### Task
Pictures stay out of this copy, which runs from the first line of the material through the line containing "Set of 4 Pairs".

### Supplied information
╭──
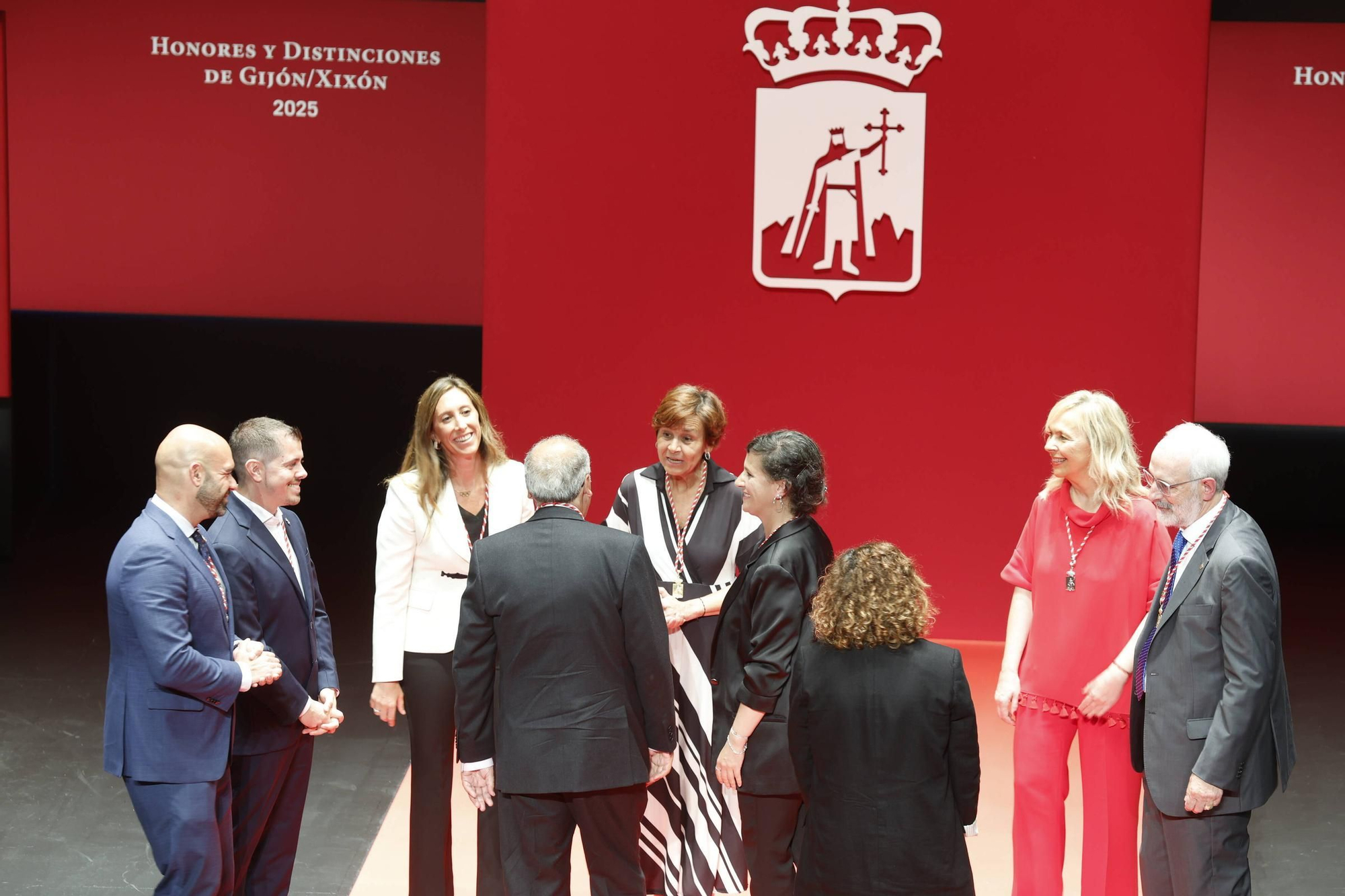 La entrega de medallas y distinciones de Gijón, en imágenes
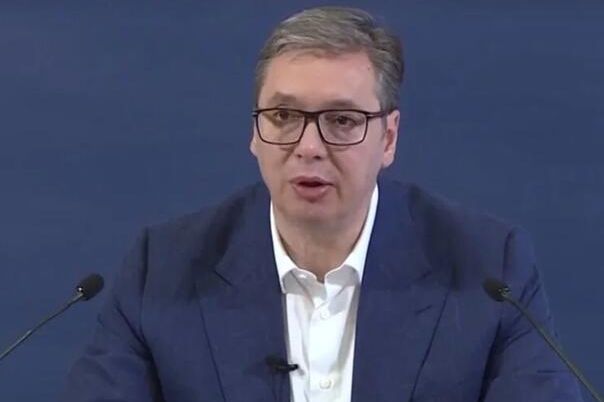 VEČERAS SE OGLASIO VUČIĆ: “Sve smo renovirali, samo nadstrešnicu nismo. Zašto?”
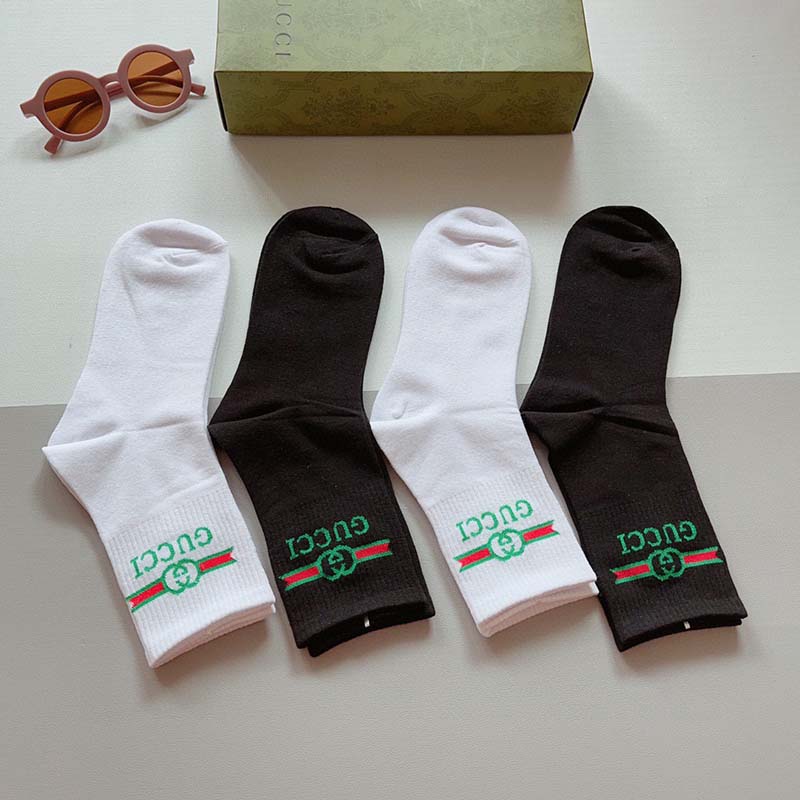 Set of 4 Pairs of Cotton Anti-bacterial Crew Socks WZ-924000165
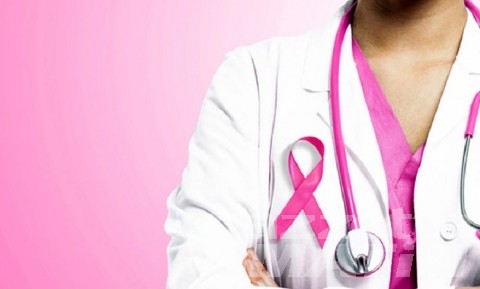 Tumore al seno: test genomici gratuiti per le donne valdostane
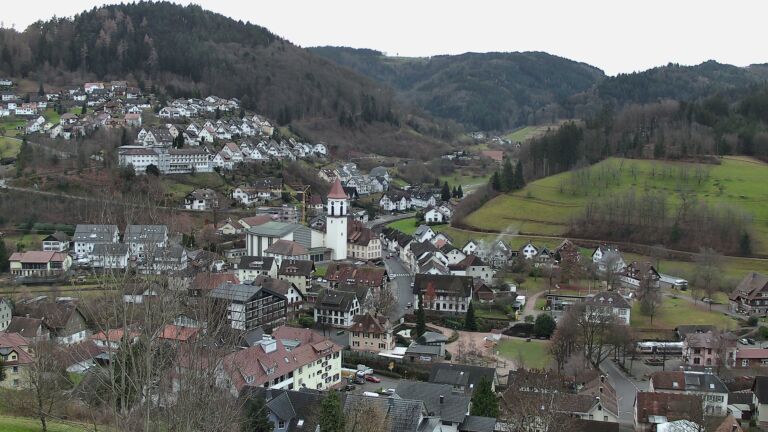 Dieses Bild zeigt eine Webcam-Aufnahme von Ottenhöfen, aufgenommen am Freitag, den 19.12.2025 um 09:10 Uhr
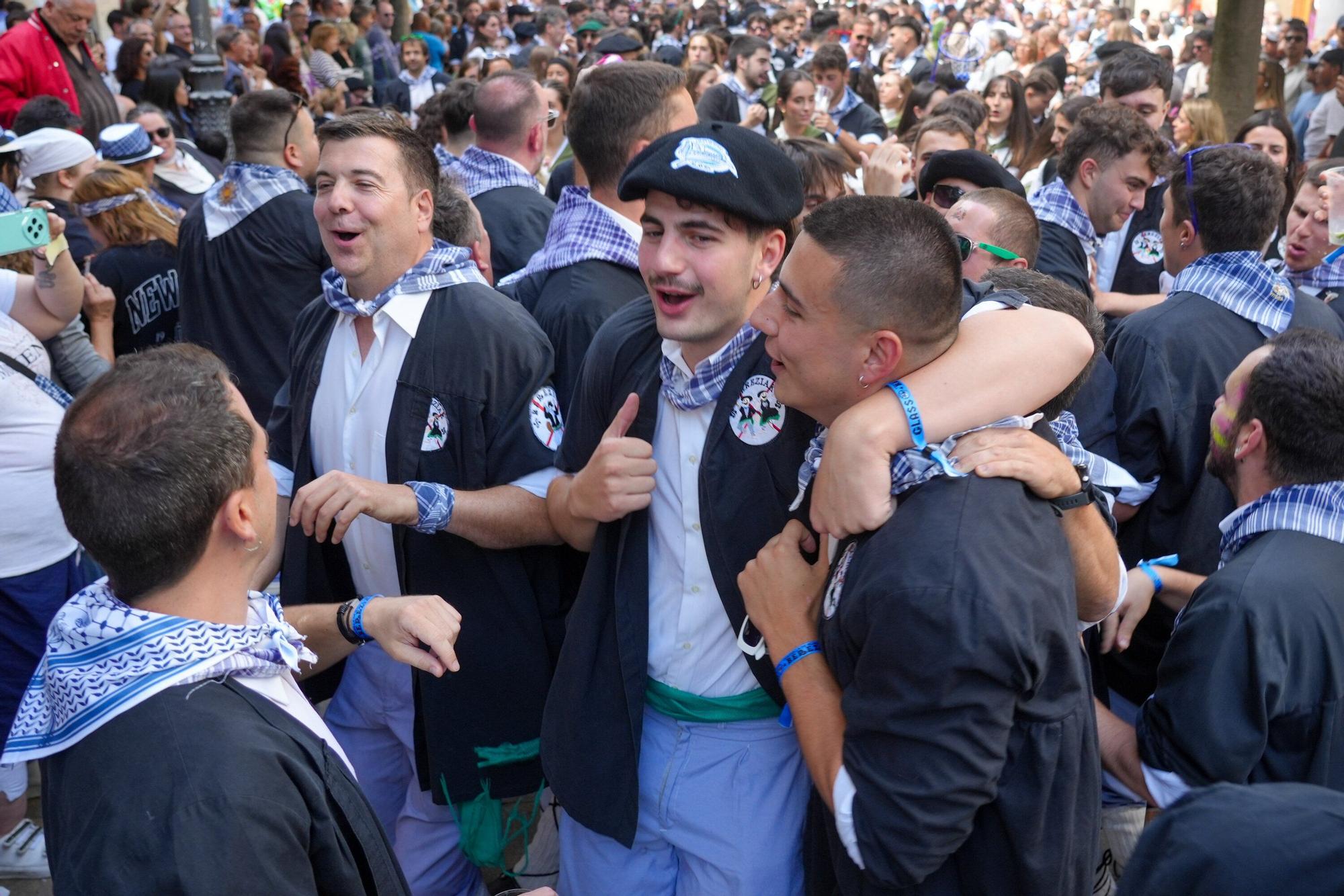 En imágenes: Blusas y neskas desfilan en una kalejira por Santiago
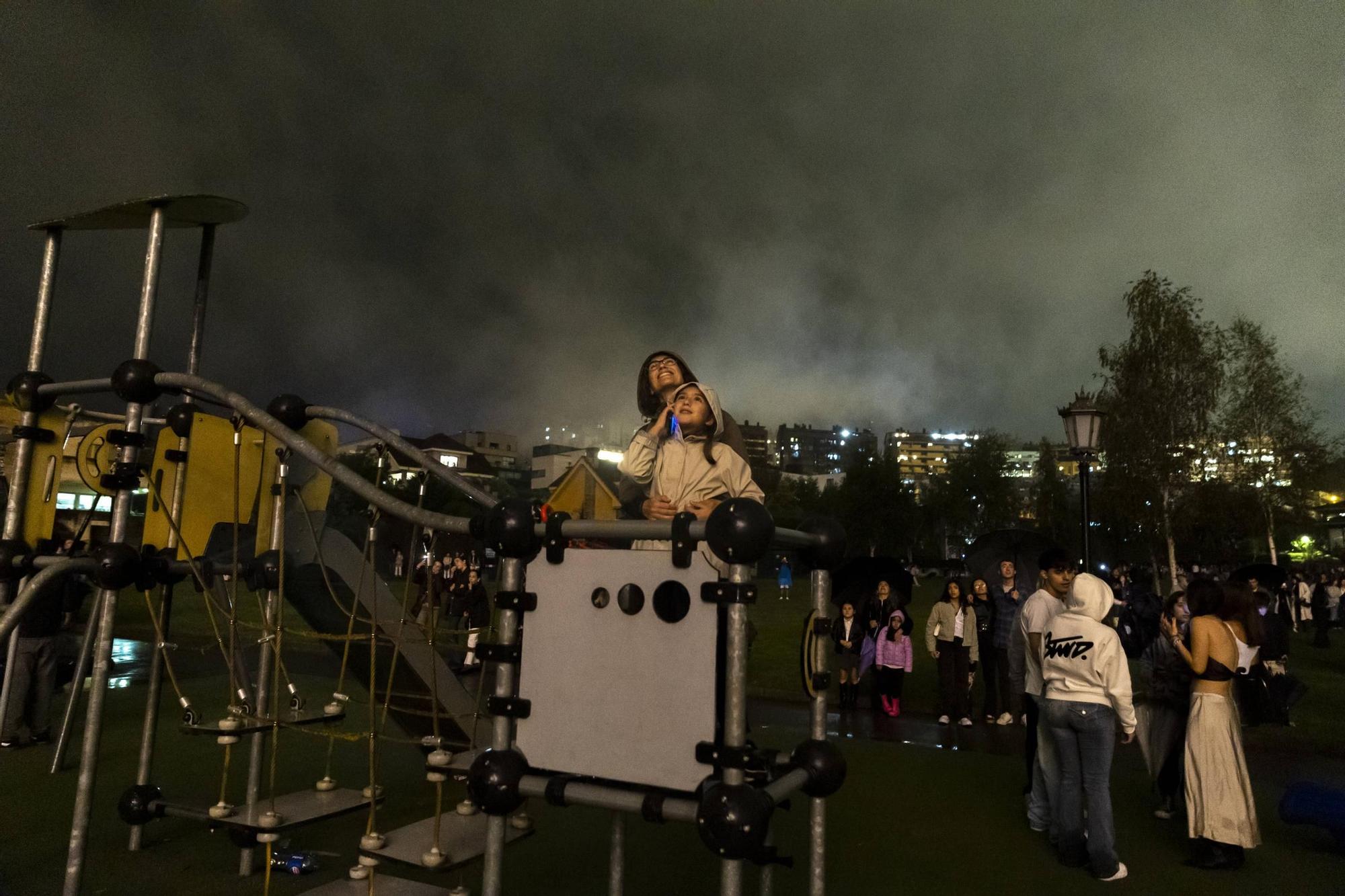 EN IMÁGENES: Así se vivieron unos fuegos de San Mateo bajo la lluvia en Oviedo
╰──
### Solved exercise
 La entrega de medallas y distinciones de Gijón, en imágenes
 VEČERAS SE OGLASIO VUČIĆ: “Sve smo renovirali, samo nadstrešnicu nismo. Zašto?”
 Set of 4 Pairs of Cotton Anti-bacterial Crew Socks WZ-924000165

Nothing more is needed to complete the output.